MATLAB: MATLAB Coder: Matrix-Sca​lar-Multip​lication slower in generated code

execution speedmatlab codermatrix manipulation

We are generating DLLs and MEX-Files from MATLAB-Code and realized that Matrix*Scalar-Operations take 3-10 times longer in generated code in comparison to the original MATLAB code. Can anyone explain this slowdown?
I wrote two toy-functions for Matrix*Scalar and Matrix*Vector. For the latter, execution time was the same in the orginial and the generated code. The matrix size was [1000×1000] for both cases.
Interestingly, the MEX calls BLAS-library for Matrix*Vector but not for Matrix*Scalar. May this be a reason?
Toy function for Matrix*Scalar:
function [MatrixOut] = MatrixScalar_Function(MatrixIn,ScalarIn)
MatrixOut = MatrixIn;
for index = 1:1000
MatrixOut = MatrixOut*ScalarIn;
end
end
Generated C-Code for Matrix*Scalar:
/*
* MatrixScalar_Function.cpp
*
* Code generation for function 'MatrixScalar_Function'
*
*/
/* Include files */
#include "rt_nonfinite.h"
#include "MatrixScalar_Function.h"
#include "MatrixScalar_Function_data.h"
/* Function Definitions */
void MatrixScalar_Function(const emlrtStack *sp, const real_T MatrixIn[1000000],
real_T ScalarIn, real_T MatrixOut[1000000])
{
int32_T b_index;
int32_T i0;
memcpy(&MatrixOut[0], &MatrixIn[0], 1000000U * sizeof(real_T));
b_index = 0;
while (b_index < 1000) {
for (i0 = 0; i0 < 1000000; i0++) {
MatrixOut[i0] *= ScalarIn;
}
b_index++;
if (*emlrtBreakCheckR2012bFlagVar != 0) {
emlrtBreakCheckR2012b(sp);
}
}
}
/* End of code generation (MatrixScalar_Function.cpp) */

Best Answer

I'm only seeing about a 5% difference in timing when comparing the BLAS dscal function call to an explicit loop in my R2017b Win64. Certainly not the 3-10 times difference that you are seeing.
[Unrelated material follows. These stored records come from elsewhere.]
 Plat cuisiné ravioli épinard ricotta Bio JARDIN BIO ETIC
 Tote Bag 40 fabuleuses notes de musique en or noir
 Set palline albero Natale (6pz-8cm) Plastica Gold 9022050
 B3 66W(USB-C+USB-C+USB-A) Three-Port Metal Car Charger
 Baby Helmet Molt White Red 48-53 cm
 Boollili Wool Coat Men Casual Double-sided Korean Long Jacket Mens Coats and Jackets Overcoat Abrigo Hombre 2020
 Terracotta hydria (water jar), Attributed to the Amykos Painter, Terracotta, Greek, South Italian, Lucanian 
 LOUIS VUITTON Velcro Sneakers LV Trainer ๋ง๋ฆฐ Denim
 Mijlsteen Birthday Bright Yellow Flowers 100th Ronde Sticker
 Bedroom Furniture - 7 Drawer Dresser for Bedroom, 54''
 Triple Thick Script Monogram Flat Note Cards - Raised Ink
You might try replacing that loop with a dscal call and see what you get in your case. E.g., replace this
for (i0 = 0; i0 < 1000000; i0++) {
MatrixOut[i0] *= ScalarIn;
}
with something like this
#include "blas.h"
:
int64_T n, incx; <-- or maybe int32_T in your case
:
incx = 1;
n = 1000000;
dscal( &n, &ScalarIn, MatrixOut, &incx );
But I do see a big difference in timing when compared to the m-code. My guess is that perhaps the BLAS dscal routine is not multi-threaded and that is why the timing is nearly the same as a manual loop, but MATLAB uses a multi-threaded scalar multiply routine in the background for the m-code.